阿贾克斯逐渐被忙碌的家务分去心神,没再想过小伙伴失约的事。
*
迷迷糊糊间,夜殷做了个梦。
梦里,夜殷回到了他那间四十平的小屋子里,眼前是他再熟悉不过的电脑桌,屏幕上也正是他在打的深渊第十二层第一间。
怎么回事?他……她回家了?看着屏幕上背对她的达达利亚的褐红色背甲,夜殷揉揉发酸的眼睛,低头又看了看自己的手,不是六岁幼童的手,也不是青年渊月骨节分明的漂亮大手,这分明是穿越前属于自己的手。
……虽然不清楚到底是怎么回事,但……还是打完深渊再说……?
夜殷迟疑了一下,但立马放下不管,这次手边没有奶茶捣乱,夜殷的万达国际溜得飞起羽化登仙,一套循环完美把第一间上半的流血狗收走,去到下半用龙王单通。
等她满星通关深渊12层,夜殷才心满意足的领完奖励下播,她哈气擦擦那36颗星的标志,心里的石头终于落下。
呼啊~,爽了,果然只有看着自己含辛茹苦一把圣遗物一把天赋书带大的队伍杀穿深渊时,夜殷的心里才舒服。
这就是略有强度的快乐吗,爱了爱了。
征服的感觉她果然最爱,也是自从碰了深渊后,她一个只会拍照看到怪就绕道走的萌新玩家彻底进化了,成为了一个矜矜业业的半个强度党。

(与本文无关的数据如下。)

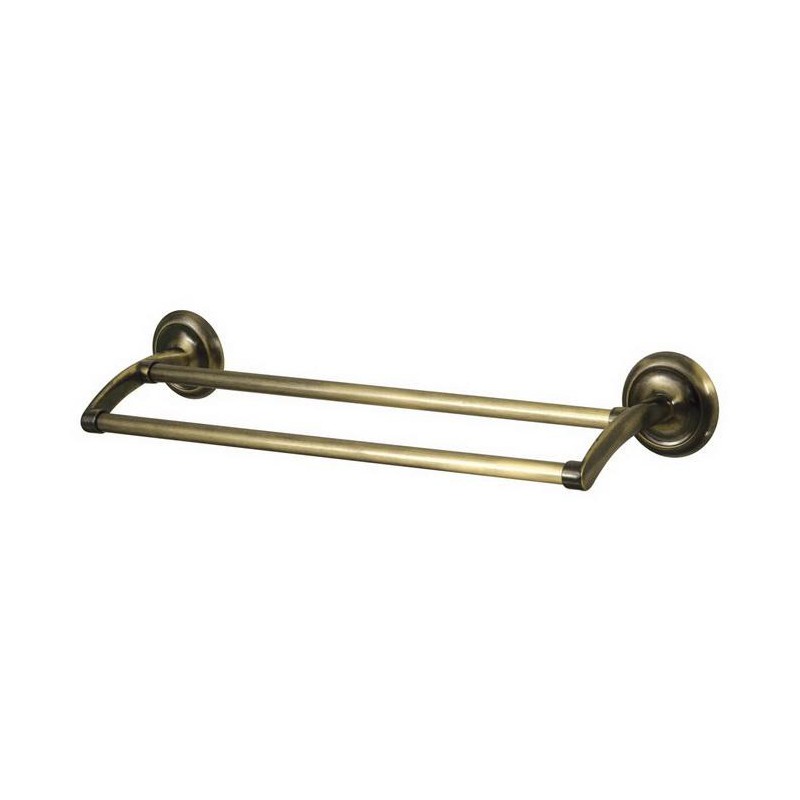 00411 Deco wieszak kąpielowy podwójny 610 mm metal/mosiądz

至于为什么是半个,一是她没那么喜欢打深渊,二是锄大地对她更有吸引力。
同理,号可以慢慢变强,人自然也可以,回想自她穿越以来,从恩人女士死后夜殷每天都在不停地锻炼自己,那把小斧头被他磨得反光,镰刀就算卷了边也能轻松敲开狼的脊骨。
如今她自是在在森林里锻炼出的野路子,好多次的自动闪避和挥手劈砍让夜殷有点分不清现实和梦境。

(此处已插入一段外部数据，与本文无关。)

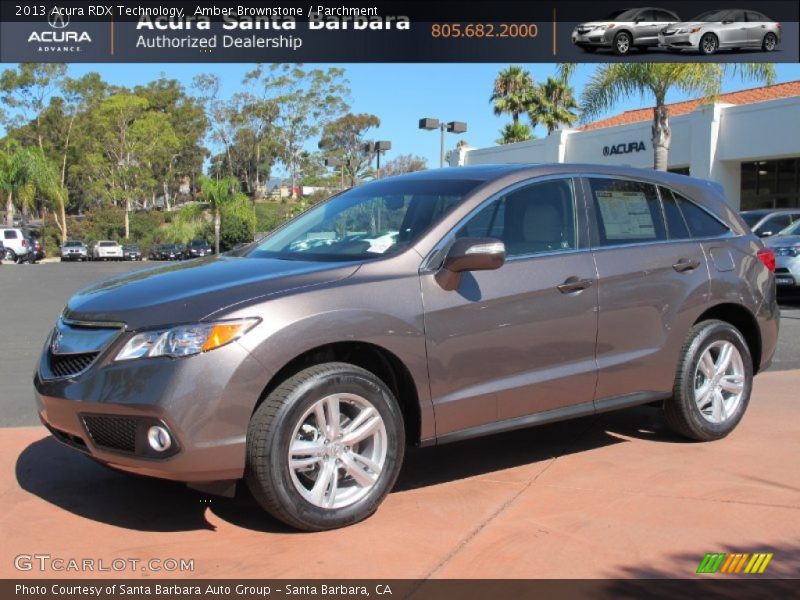 Amber Brownstone / Parchment 2013 Acura RDX Technology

现在,她……他到底是在和狼战斗,还是在家里打深渊呢?
搞不明白。
他到底清醒着还是已经被冻死了?夜殷打心眼里不奢求自己能在最坏的情况里活下去。
但生物都有求生的本能,夜殷也是。
对了,是现实……天似乎……还在下雪,身体上很冷还很疼,夜殷没想到下着这样大雪的天还能倒霉的碰到这几只狼。
他很倒霉,那几头狼也好不到哪去。
那是狼群的几只倒霉落单者,偏还偏相中了他这块不易之食。
在被咬伤后夜殷才开始下意识反击。